---- MATERIAL TO PROCESS
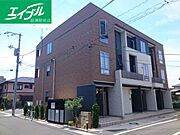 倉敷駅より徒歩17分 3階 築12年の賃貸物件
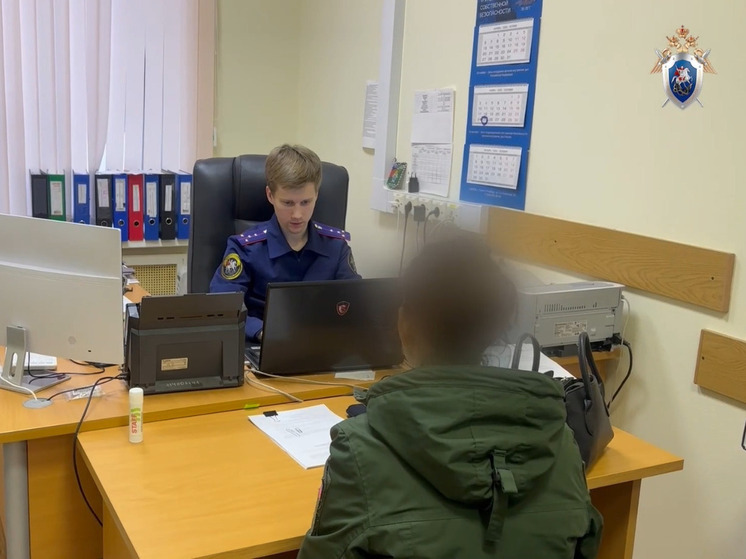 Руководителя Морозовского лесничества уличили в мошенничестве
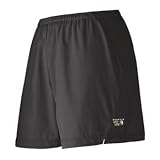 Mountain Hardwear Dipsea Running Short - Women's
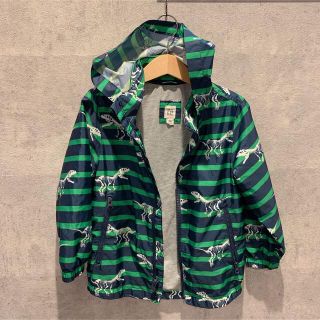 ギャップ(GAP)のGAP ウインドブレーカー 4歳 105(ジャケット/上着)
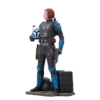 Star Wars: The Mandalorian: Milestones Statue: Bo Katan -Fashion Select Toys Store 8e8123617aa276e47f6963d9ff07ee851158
--------
---- MATERIAL TO PROCESS
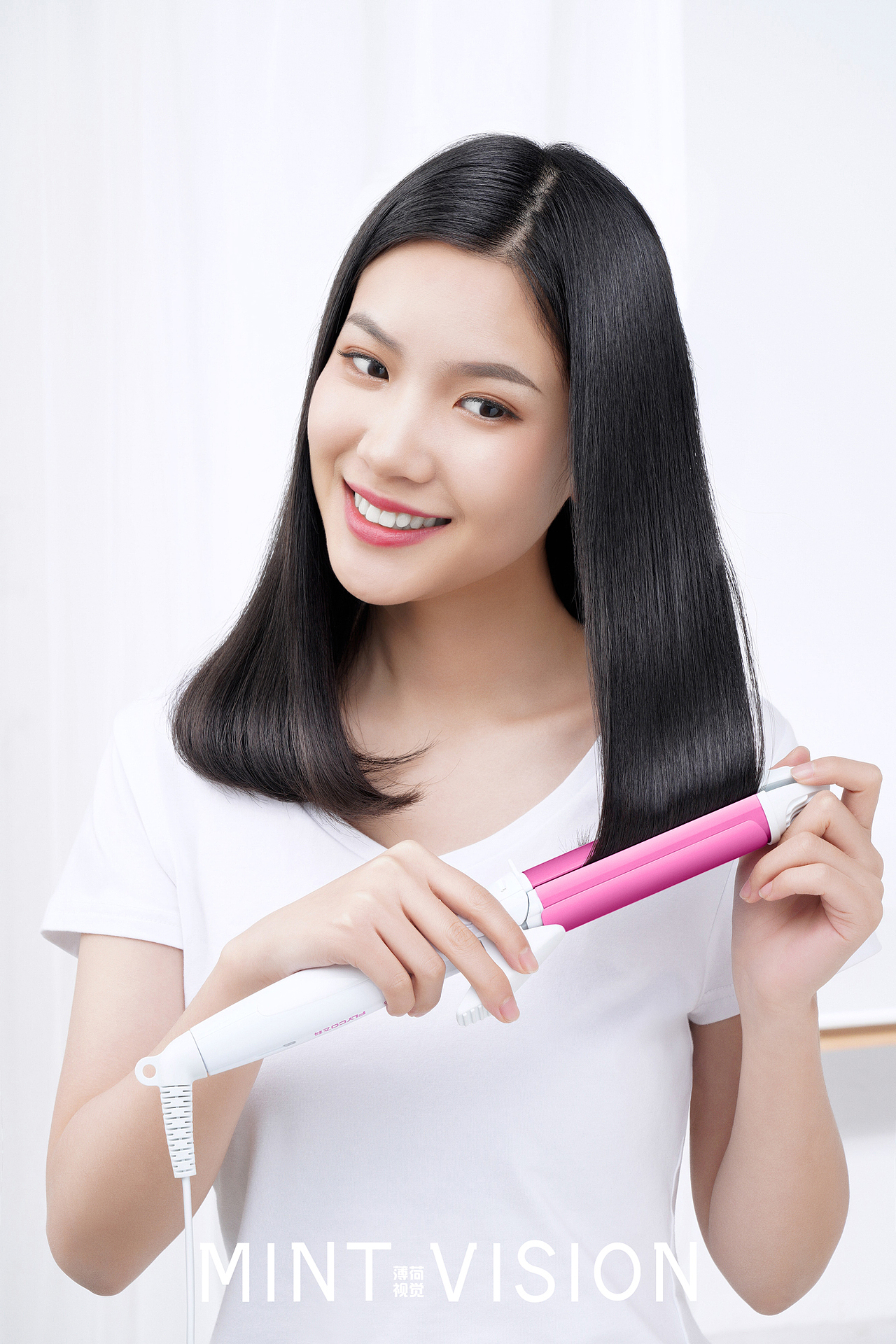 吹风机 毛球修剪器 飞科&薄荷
--------
**WORK ITEM**: Would you output only the span of the records above that opens with the line containing "倉敷駅より徒歩17分 3階 築12年の賃貸物件" and closes with the line containing "Star Wars: The", ends included and pictures dropped?

**EXPECTED ANSWER**:
 倉敷駅より徒歩17分 3階 築12年の賃貸物件
 Руководителя Морозовского лесничества уличили в мошенничестве
 Mountain Hardwear Dipsea Running Short - Women's
 ギャップ(GAP)のGAP ウインドブレーカー 4歳 105(ジャケット/上着)
 Star Wars: The Mandalorian: Milestones Statue: Bo Katan -Fashion Select Toys Store 8e8123617aa276e47f6963d9ff07ee851158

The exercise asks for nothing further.